Have you got any ideas, has anyone had similar problem?
Upvotes: 1
Views: 1428
Reputation: 71
This is a sharePoint issue actually... happens in 2010 and 2013 as well.
if you manipulate the Render the way you have in your sample it is going to gank.
You cant write back to the writer directly. use:
StrinBuilder sb = new StringBuilder();
StringWriter str = new StringWriter(sb);
HtmlTextWriter wrt = new HtmlTextWriter(str);
base.Render(wrt);
wrt.close();
string html = sb.ToString();
html = SomeFunctionManipulatingYourHTML(html).Trim();
if (html.Length >0)
{
Response.Buffer = true;
Response.Clear();
Response.ContentType = "text/html";
Response.Write(html);
Response.Flush();
Response.End();
}
Worked for me... You will still have to populate the top right corner "Welcome Message" as that is populated after Render but at least you can now manipulate it and have clean HTML. I just populated that part of the page using RegEx after the fact.
Upvotes: 0
Reputation:
HTMLAgilityPack is full of bugs, don't use it! If you need simple solution, you can write your own method. Otherwise you it will be much better to use https://github.com/google/gumbo-parser, it has .Net wrapper called gumbo.bindings
Upvotes: 0
Reputation: 6963
You may have some luck using the HTML agility pack. HTML Parsers are better at... parsing... html than regexs are.

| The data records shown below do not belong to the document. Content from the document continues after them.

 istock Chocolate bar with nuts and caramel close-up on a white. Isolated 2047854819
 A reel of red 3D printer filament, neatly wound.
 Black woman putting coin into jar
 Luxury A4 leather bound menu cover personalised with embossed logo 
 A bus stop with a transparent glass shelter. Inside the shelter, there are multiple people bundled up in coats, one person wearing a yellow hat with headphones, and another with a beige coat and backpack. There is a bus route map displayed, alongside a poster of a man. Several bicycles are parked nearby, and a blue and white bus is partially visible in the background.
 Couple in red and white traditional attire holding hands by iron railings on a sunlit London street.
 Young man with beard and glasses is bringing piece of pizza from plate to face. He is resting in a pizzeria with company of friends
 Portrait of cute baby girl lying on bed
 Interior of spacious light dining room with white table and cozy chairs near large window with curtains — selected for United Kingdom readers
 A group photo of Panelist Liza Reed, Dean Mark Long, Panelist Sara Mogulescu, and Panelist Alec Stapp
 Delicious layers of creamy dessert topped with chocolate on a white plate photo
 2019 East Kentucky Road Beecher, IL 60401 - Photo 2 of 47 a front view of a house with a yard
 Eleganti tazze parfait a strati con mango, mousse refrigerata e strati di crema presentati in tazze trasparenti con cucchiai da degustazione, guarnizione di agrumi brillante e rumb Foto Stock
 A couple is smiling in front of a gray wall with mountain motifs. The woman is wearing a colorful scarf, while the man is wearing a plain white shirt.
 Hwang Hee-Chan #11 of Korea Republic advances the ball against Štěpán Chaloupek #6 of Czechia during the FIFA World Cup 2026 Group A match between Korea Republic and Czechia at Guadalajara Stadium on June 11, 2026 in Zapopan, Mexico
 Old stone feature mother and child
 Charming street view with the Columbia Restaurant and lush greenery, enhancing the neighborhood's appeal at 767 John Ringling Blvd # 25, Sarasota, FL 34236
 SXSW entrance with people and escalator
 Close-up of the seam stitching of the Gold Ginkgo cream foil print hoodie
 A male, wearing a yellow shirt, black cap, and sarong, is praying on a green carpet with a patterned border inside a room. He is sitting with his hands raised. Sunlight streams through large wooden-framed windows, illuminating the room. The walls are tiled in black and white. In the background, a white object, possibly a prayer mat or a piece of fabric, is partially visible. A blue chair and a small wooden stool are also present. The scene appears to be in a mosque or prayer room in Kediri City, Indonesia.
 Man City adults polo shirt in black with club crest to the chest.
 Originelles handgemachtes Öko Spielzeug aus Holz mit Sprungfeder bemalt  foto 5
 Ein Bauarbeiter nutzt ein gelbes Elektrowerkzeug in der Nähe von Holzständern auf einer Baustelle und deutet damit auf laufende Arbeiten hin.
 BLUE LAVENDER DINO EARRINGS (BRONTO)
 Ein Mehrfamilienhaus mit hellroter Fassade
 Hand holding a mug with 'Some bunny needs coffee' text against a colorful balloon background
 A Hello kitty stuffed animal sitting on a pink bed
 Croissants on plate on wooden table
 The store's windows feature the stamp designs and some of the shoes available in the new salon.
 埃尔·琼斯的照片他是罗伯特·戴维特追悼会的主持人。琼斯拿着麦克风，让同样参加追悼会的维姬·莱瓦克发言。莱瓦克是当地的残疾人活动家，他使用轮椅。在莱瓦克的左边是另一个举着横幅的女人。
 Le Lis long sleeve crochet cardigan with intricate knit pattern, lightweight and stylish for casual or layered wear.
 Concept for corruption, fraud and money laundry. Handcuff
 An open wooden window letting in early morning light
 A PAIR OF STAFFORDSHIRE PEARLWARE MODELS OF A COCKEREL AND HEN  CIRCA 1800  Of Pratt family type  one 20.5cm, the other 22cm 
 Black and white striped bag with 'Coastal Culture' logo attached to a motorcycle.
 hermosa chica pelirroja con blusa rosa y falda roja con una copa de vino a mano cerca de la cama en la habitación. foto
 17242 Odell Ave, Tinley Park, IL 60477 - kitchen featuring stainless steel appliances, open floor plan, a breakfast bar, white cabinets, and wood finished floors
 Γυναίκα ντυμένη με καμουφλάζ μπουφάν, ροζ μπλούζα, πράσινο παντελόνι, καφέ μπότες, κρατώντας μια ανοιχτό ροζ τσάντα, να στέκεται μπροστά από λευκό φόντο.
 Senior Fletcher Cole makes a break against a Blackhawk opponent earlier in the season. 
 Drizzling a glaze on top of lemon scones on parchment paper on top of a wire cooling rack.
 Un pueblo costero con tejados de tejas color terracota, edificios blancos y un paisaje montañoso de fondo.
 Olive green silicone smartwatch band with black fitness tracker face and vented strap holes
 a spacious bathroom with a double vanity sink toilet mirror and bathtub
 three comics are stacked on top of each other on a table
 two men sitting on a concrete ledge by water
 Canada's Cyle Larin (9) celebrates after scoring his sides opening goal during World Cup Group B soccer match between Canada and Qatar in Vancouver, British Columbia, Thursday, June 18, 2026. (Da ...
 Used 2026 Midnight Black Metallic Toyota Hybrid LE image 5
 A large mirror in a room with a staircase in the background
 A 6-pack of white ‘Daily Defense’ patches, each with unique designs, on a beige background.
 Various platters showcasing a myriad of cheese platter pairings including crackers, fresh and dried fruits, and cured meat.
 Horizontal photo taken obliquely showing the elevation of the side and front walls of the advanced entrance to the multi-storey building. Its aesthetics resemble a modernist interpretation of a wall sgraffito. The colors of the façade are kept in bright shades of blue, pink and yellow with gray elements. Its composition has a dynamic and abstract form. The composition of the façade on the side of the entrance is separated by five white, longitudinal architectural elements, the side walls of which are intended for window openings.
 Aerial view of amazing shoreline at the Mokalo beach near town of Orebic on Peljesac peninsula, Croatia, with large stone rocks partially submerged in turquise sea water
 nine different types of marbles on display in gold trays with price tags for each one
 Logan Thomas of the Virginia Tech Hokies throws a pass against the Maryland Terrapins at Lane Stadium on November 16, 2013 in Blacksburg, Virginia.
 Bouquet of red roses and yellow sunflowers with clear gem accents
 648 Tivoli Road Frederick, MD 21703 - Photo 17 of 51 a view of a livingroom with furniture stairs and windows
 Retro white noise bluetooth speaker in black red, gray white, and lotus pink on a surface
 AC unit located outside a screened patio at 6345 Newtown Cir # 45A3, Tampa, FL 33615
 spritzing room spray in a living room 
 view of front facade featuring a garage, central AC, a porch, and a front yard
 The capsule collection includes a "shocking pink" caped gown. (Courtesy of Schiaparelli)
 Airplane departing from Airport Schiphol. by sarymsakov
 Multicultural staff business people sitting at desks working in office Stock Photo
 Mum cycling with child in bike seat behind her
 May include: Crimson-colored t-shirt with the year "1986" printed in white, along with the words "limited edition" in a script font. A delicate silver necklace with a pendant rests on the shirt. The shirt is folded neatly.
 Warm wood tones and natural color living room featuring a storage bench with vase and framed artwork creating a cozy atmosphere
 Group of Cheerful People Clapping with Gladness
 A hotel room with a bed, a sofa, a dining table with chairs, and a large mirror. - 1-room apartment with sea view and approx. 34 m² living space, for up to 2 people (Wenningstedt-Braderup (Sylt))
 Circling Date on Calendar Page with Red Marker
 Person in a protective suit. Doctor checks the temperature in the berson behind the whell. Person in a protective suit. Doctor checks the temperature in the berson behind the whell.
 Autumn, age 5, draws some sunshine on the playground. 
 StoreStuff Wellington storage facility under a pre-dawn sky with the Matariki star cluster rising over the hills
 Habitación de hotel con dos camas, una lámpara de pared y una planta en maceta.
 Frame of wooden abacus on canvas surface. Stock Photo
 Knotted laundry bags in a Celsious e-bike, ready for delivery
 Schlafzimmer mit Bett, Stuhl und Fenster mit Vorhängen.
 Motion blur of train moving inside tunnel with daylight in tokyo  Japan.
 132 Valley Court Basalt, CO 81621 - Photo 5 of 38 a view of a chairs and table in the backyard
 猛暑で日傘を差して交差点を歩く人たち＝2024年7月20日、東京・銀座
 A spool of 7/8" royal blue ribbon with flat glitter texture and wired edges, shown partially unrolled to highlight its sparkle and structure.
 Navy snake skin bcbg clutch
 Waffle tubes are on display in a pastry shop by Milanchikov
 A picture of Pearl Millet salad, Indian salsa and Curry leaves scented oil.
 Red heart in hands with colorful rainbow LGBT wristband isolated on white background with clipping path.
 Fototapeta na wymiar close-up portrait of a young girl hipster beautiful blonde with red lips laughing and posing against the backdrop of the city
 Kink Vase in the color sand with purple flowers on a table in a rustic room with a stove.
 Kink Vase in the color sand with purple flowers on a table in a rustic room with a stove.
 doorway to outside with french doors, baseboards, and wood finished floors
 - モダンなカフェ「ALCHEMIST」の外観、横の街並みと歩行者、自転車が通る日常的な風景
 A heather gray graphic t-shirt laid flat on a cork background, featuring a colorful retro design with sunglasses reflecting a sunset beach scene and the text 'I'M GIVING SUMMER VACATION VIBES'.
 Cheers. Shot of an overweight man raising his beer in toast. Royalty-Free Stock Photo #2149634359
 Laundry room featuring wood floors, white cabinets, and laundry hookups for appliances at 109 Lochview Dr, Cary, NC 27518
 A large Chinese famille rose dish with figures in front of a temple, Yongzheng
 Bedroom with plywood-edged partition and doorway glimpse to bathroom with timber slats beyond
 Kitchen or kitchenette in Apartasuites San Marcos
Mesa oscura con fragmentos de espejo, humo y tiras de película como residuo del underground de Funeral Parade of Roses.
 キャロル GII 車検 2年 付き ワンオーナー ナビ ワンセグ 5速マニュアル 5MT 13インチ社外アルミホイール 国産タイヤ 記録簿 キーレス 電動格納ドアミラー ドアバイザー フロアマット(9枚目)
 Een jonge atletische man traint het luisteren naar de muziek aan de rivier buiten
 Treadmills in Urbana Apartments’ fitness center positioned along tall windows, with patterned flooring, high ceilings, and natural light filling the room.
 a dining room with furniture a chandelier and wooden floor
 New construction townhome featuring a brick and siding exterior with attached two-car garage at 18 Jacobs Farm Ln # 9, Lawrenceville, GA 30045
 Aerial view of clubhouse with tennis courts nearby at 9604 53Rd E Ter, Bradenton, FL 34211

http://www.codeplex.com/htmlagilitypack
Upvotes: 2
Reputation: 5195
Have you checked your Regex? Regex are greedy. This means that by default it returns the longest match possible.
So if your HTML looks something like this:
<html>
...
<!-- first script element -->
<script>...RTE_ConvertTextAreaToRichEdit...</script>
<!-- first script element ends -->
<!-- second script element -->
<script>...</script>
<!-- second script element ends -->
...
</html>
The Regex matches all the stuff between the start of the first script element and the end of the second script element. After the replace your output should be:
<html>
...
<!-- first script element -->
<!-- second script element ends -->
...
</html>
You can turn your Regex in an ungreedy or lazy one (find smallest possible match). Add a ? after the * and that should do it:
Regex regex = new Regex(@"<script>.*?RTE_ConvertTextAreaToRichEdit.*?</script>");
This might solve the problem. Look here for more info.
Upvotes: 2